Berlino, 16 novembre 2012 - Tutti a Berlino. Dall’Europa del sud per sfuggire alla disoccupazione i giovani cercano fortuna a casa di Frau Angela. Un’invasione, un esodo, come negli Anni Sessanta. Allora gli emigrati giungevano con la valigia di cartone, per lavorare alla catena di montaggio, alla VW o alla Mercedes, o per scendere nelle miniere della Ruhr. Oggi vengono giovani diplomati, dalla Spagna, dal Portogallo, dal nostro paese. Gli italiani nella capitale erano circa 12mila, fino a pochi anni fa (600mila in tutto il paese). Oggi sono 24mila, secondo quanto risulta alla nostra ambasciata. Per la polizia, sarebbero oltre 50mila. Non tutti, infatti, comunicano l’espatrio all’Aire, il registro degli italiani all’estero.

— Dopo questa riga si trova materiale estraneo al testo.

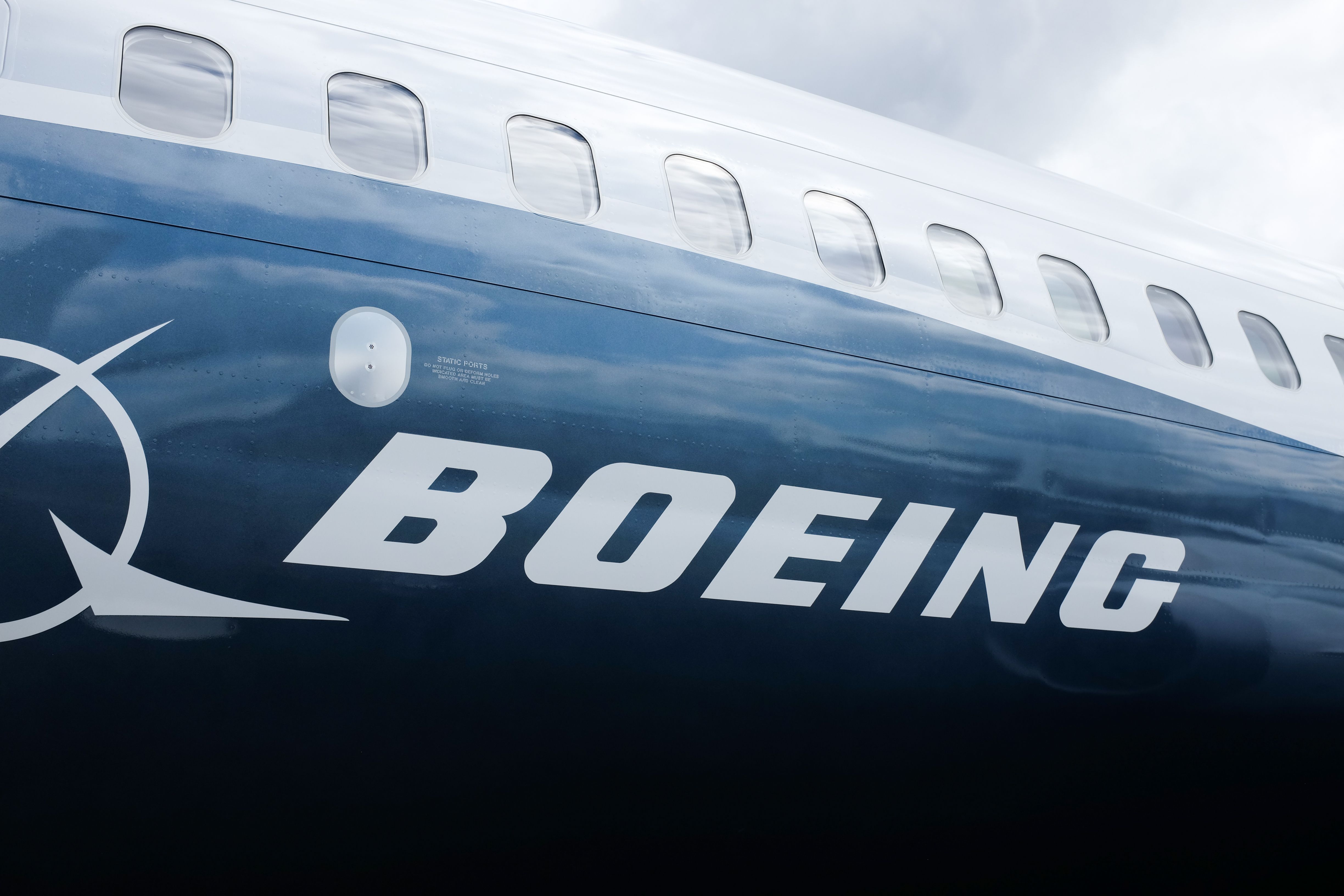 Boeing logo on the side of a fuselage of a Boeing 737 MAX shutterstock_1591001176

Berlino è oggi quello che era Parigi negli Anni Venti, o la Londra ruggente dei Beatles. Si trova un alloggio economico (ma i prezzi salgono), si mangia con poco, e neanche male. A tutti si offre una prima chance: fammi vedere quel che sai fare, poi magari si dice ‘nein, cambia mestiere’, con franchezza. Almeno non si perde tempo. I tedeschi sono ospitali, il grande, unico ostacolo, è la lingua. Sapere il tedesco è indispensabile, solo in alcuni settori molto specializzati si sopravvive con l’inglese.

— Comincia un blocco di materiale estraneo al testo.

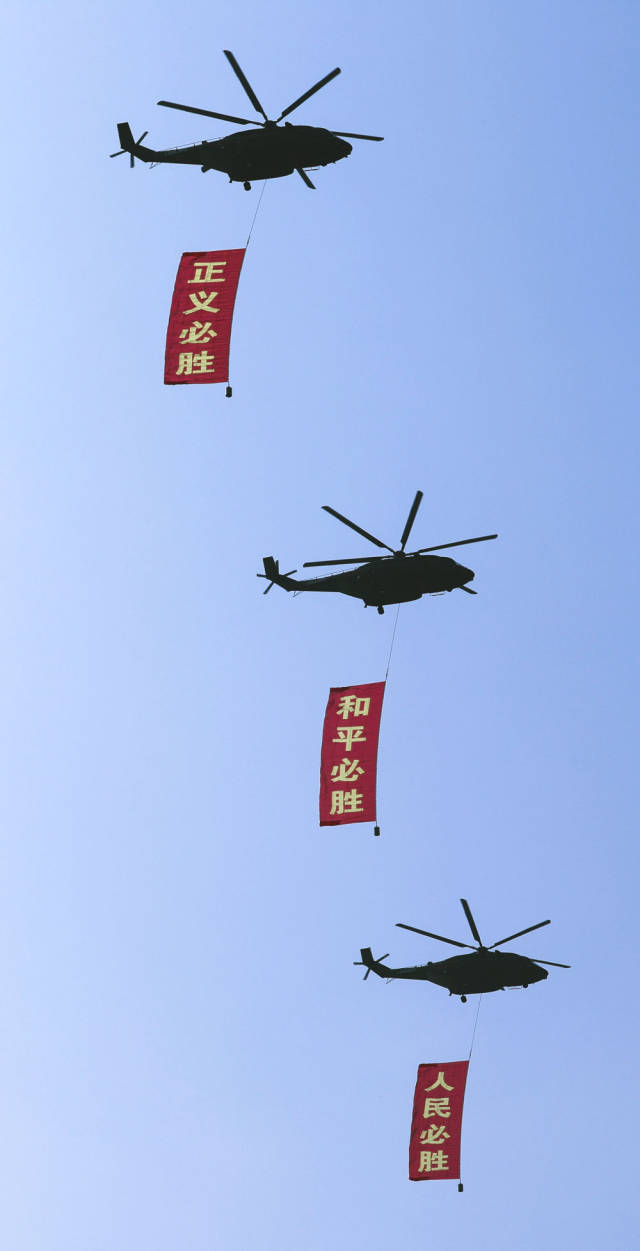 2025年9月3日，纪念中国人民抗日战争暨世界反法西斯战争胜利80周年大会在北京隆重举行。这是空中护旗梯队通过天安门广场，3架直-8L运输直升机分别悬挂“正义必胜”“和平必胜”“人民必胜”条幅。新华社记者 李钢 摄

Ieri le autorità hanno comunicato i dati per il primo semestre: da gennaio a giugno sono arrivati in tutto il paese in 501mila, 66mila in più rispetto allo stesso periodo del 2011, un aumento del 15 %. Già l´anno scorso, l´incremento aveva raggiunto il 20. La maggior parte proviene dall’Unione Europea: sono 306mila, il 24 % in più. I disoccupati fuggono dalla Grecia: a casa, non hanno speranze. Sono stati 15.700, un aumento del 78 %, dalla Spagna sono arrivati in 11mila (+ 53), arrivano anche dalla vicina Polonia, e dall’Ungheria. Per gli italiani il calcolo è meno preciso, per la nostra tendenza a evitare complicazioni burocratiche. Dovrebbero registrarsi dopo tre mesi, pochi lo fanno, in attesa di vedere come andrà a finire l’avventura.

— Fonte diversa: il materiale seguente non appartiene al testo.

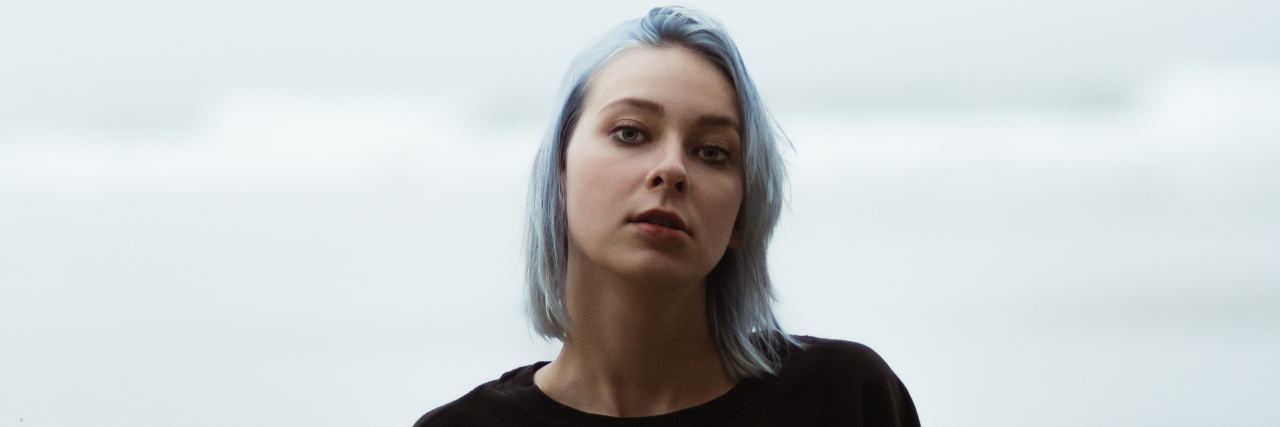 woman with short blue hair and a black sweater standing outside on a cloudy day in front of the ocean. she's looking into the camera with a serious expression.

La loro bibbia è il manuale di Simone Buttazzi e Gabriella di Cagno, «Tutti a Berlino- guida pratica per gli italiani in fuga» (Quodlibet Editore – 12 euro), appena pubblicato, che spiega quel che c’è da fare, e gli errori da evitare. «Bisogna armarsi di santa pazienza e di mostruosa disciplina», spiega Simone, giunto a Berlino da Bologna sei anni fa. Vive facendo il traduttore. Gabriella, barese, ha studiato e vissuto a lungo a Firenze, per fuggire in Prussia nel 2007. Ha trovato la sua strada come maklerin, agente immobiliare. Gli italiani più fortunati danno la caccia alle case, e contribuiscono al boom dei prezzi e degli affitti, complicando la vita ai connazionali con pochi soldi in tasca.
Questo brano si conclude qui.